Appare chiaro che tutte queste analisi postume non sono sempre consce a tutti i mematori. Nel periodo in cui si è iniziato a parlare (e memare) di livelli di ironia, tutto questo era ignoto e c’era una certa ingenuità. Il risultato di questa ingenuità è stato non comprendere l’effetto che i meme avrebbero avuto nel mondo politico, in particolare nelle elezioni statunitensi del 2016. Sarebbe ingenuo dire che tutta la questione di Pepe the frog è stata determinante nell’elezione di Trump ma a oggi costituisce un precedente importante.
Pepe the frog, personaggio nato dal fumetto Boy’s Club di Matt Furie, ha una storia peculiare. Entra in sordina nel mondo dei chan, diventando la genesi prima di molti meme, poi, in un certo senso, simbolo dei mematori più colti (nell’ambito della cultura di Internet). Una volta snaturato, attraverso un astuto utilizzo di meta-irona e post-ironia, Pepe è stato sempre più utilizzato dai mematori di estrema destra fino a essere considerato un simbolo d’odio ed essere sostituito da una sua versione ironica, per ripulire l’idea che il mondo memetico sia un appannaggio esclusivo dell’alt-right e portando lo stesso Furie a uccidere il personaggio nel tentativo di riappropriarsene.

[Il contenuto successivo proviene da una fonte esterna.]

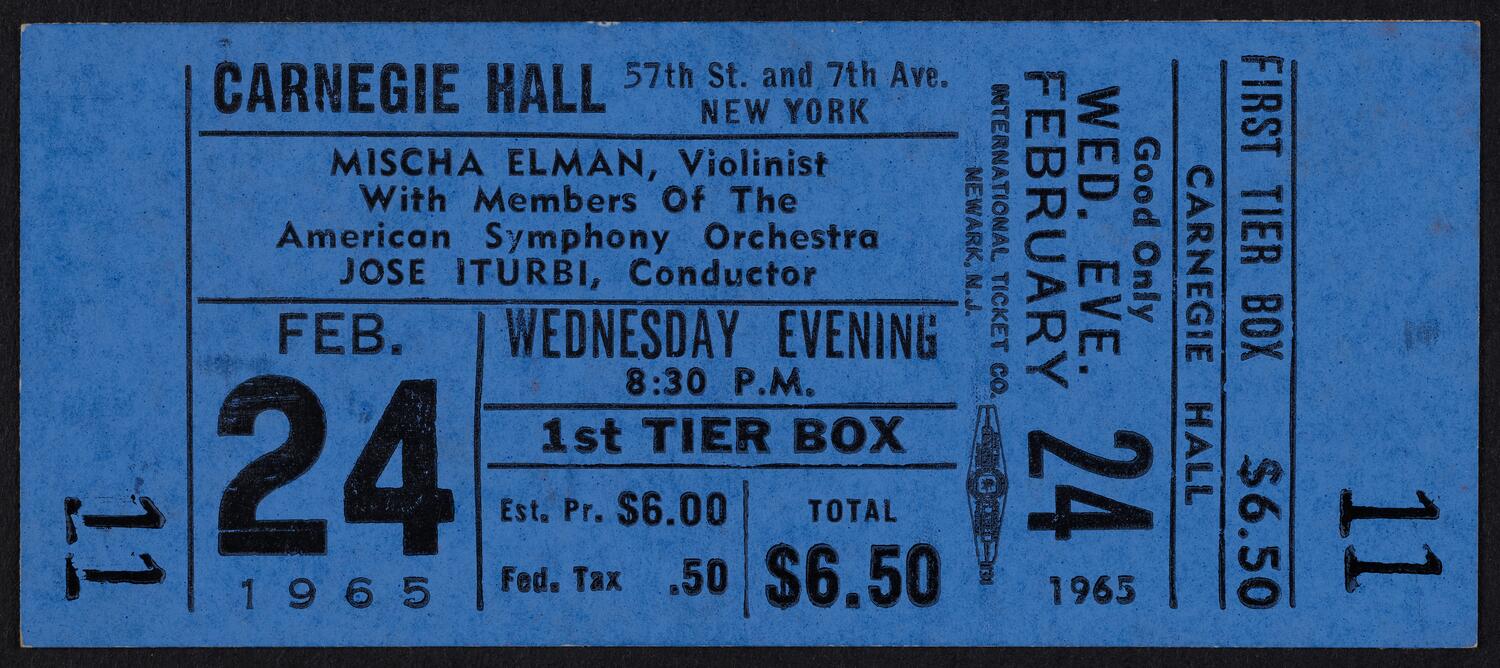 Ticket for Mischa Elman with members of the American Symphony Orchestra, February 24, 1965 (front)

Questo evento ha segnato la comunità di Internet: da un lato il gioco dei livelli aveva stancato. Dall’altro il precedente ha portato la consapevolezza del rischio di essere sempre sul filo del rasoio dell’ambiguità e che sono proprio i gruppi indesiderati a sfruttare la cosa a proprio vantaggio. Il dado però era ormai tratto, e gli utenti di Internet si erano e sono tutt’ora abituati a un umorismo sempre più elaborato e complesso. Questo ha mutato i modi di fare umorismo di due intere generazioni, travalicando ancora una volta i confini del virtuale.

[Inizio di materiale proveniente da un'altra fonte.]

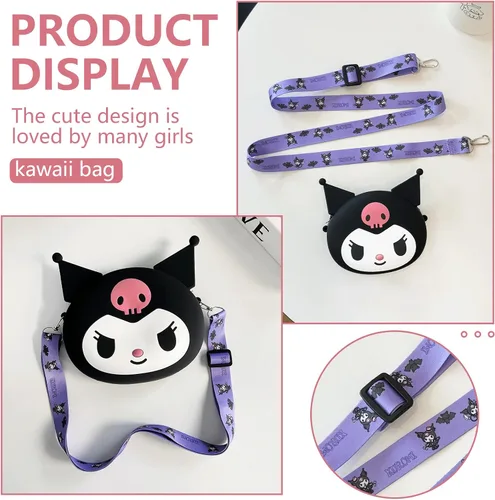 Vista 5 de CZZLYJ Kawaii Kitty Bag, Cute Cartoon Shoulder Bag with Zipper, Anime Wallet Purse with Lanyard, Kitty Cat Accessories for Girls Birthday Gifts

Programmi TV come “Una pezza di Lundini“ sono solo l’esempio più visibile di quanto l’impatto dei livelli di ironia abbia lasciato i suoi strascichi. Un occhio più attento potrebbe fare caso anche al marketing virale di Unieuro, o la nuova ondata di musicisti demenziali. Questo è solo l’inizio di un cambiamento di cui non possiamo ancora comprendere la portata. Tra qualche anno forse lo saremo e io riprenderò l’argomento.